「150万円払ってDr-40の最高級防音室を入れた。でも、隣の部屋で普通に音が聞こえる……」
防音室の購入で最も多いトラブル。それは、 「カタログ値(ラボデータ)」と「完成後の現場(実測値)」の乖離 です。 なぜ、メーカー公称の「Dr-35」や「Dr-40」が、あなたの家では魔法のように消えてしまうのでしょうか?
本記事では、カタログ数値に現れない「現場の不都合な真実」を解説します。
1. 「ラボ(工場)」と「現場(自宅)」の決定的な違い#
メーカーが公開しているDr等級(遮音性能)は、理想的な環境下での 「ラボ実験データ」 です。
ラボでの条件#
- 隙間が一切ない完璧な施工。
- 壁以外のルート(建物の床や梁)を通る バイパス音 が完全に遮断されている。
- 温度・湿度が一定で、騒音計も最高級のものが使われている。
あなたの自宅での条件#
- エアコンの配管や電気の引き込み口に、わずかな 「音の抜け穴(音響リーク)」 がある。
- 防音室自体の性能は高くても、 「建物の壁そのもの」 の遮音性が低く、そこから音がバイパスして漏れる。
- 施工職人の技術差により、パッキンの密着度がカタログ通りではない。
2. 最も多い失敗:「直置き」による床伝搬の盲点#
防音室のカタログスペックは、主に「空気中の音(空気音)」を対象としています。 しかし、ピアノのペダル音、電子ドラムの打撃音、大型スピーカーの重低音は、 「建物そのものを揺らす振動(固体伝搬音)」 です。

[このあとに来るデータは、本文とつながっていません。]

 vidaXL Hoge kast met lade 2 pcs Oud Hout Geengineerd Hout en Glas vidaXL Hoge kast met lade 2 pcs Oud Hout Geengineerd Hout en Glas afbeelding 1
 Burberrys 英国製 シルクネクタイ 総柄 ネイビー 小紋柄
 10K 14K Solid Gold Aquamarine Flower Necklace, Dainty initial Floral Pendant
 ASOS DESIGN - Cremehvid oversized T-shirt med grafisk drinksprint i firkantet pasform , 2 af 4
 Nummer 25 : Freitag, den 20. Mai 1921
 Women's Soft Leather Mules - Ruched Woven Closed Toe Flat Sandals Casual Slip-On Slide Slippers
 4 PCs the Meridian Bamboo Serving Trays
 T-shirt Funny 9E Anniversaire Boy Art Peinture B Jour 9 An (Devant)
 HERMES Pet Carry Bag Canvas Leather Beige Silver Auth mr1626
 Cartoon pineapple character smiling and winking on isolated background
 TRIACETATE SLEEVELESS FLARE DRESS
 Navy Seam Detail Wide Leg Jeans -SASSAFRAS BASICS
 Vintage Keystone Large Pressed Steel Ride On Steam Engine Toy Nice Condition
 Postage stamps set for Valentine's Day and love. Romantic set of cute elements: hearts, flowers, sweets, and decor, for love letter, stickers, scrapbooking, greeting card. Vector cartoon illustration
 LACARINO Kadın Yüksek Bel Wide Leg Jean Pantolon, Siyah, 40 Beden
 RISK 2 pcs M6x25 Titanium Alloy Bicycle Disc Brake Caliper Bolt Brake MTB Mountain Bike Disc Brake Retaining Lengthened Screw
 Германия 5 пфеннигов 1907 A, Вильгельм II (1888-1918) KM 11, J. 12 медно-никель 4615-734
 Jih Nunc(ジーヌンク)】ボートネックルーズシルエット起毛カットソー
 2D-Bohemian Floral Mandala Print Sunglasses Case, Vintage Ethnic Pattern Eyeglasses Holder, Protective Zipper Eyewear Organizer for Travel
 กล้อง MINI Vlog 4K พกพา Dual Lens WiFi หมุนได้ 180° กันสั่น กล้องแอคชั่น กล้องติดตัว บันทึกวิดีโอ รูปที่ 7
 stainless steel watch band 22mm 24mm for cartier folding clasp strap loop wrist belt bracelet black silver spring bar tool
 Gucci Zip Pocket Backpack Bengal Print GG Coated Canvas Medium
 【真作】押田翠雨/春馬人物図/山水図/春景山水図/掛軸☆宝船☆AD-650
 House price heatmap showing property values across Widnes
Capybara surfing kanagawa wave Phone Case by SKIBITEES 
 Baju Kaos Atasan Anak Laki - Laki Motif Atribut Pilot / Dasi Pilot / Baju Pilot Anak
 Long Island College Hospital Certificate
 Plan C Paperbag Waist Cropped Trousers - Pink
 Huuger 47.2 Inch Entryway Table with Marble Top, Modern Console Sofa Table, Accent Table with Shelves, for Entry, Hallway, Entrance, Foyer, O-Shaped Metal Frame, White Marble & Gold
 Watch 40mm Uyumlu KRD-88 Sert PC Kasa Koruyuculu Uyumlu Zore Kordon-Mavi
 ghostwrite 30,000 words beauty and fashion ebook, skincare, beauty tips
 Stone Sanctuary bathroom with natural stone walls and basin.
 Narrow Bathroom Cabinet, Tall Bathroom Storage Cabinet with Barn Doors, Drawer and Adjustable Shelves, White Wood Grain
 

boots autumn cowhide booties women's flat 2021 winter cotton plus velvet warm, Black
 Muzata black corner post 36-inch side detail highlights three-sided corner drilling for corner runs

防音室を部屋に「直置き」すると、どれだけ壁が分厚くても(Dr-40でも)、床を通じて下の階に振動が直撃します。この場合、性能不足ではなく 「絶縁(デカップリング)不足」 です。カタログ値だけを見て、防振対策を怠ると、必ず失敗します。
3. 「Dr-35」は「35dB下がる」という意味ではない#
ここが最大の誤解です。 Dr-35というのは、 「中心周波数(500Hz付近)」 での性能を示す等級であり、全音域で一律に35dB下げるわけではありません。
- 高音(バイオリン、女性の歌声) :45dB以上カットできることも多い。
- 低音(ベース、男性の低い声、ピアノの低域) :20dB程度しかカットできない場合がある。
楽器の特性に合わせて、「どの周波数が得意な防音室か」を読み解く必要があります。
結論:完成後に「後悔」しないための自衛策#
- 「建物の遮音性能」を事前に測る :防音室を入れる前の部屋自体のD値を把握し、合算後の性能をシミュレーションする。
- 「実測付きプラン」を選ぶ :高額なオーダーメイドの場合は、完成後に「騒音計による実測報告書」を提出させる契約にする。
- 「スペックマイナス5dB」で見積もる :カタログ値がDr-35なら、現場では実質Dr-30程度になると想定して予算を組む。
防音は 「100マイナス1は、ゼロ」 の世界です。カタログの数字だけを信じるのではなく、現場の現実に即した賢い判断が、あなたの豊かな音楽生活を守ります。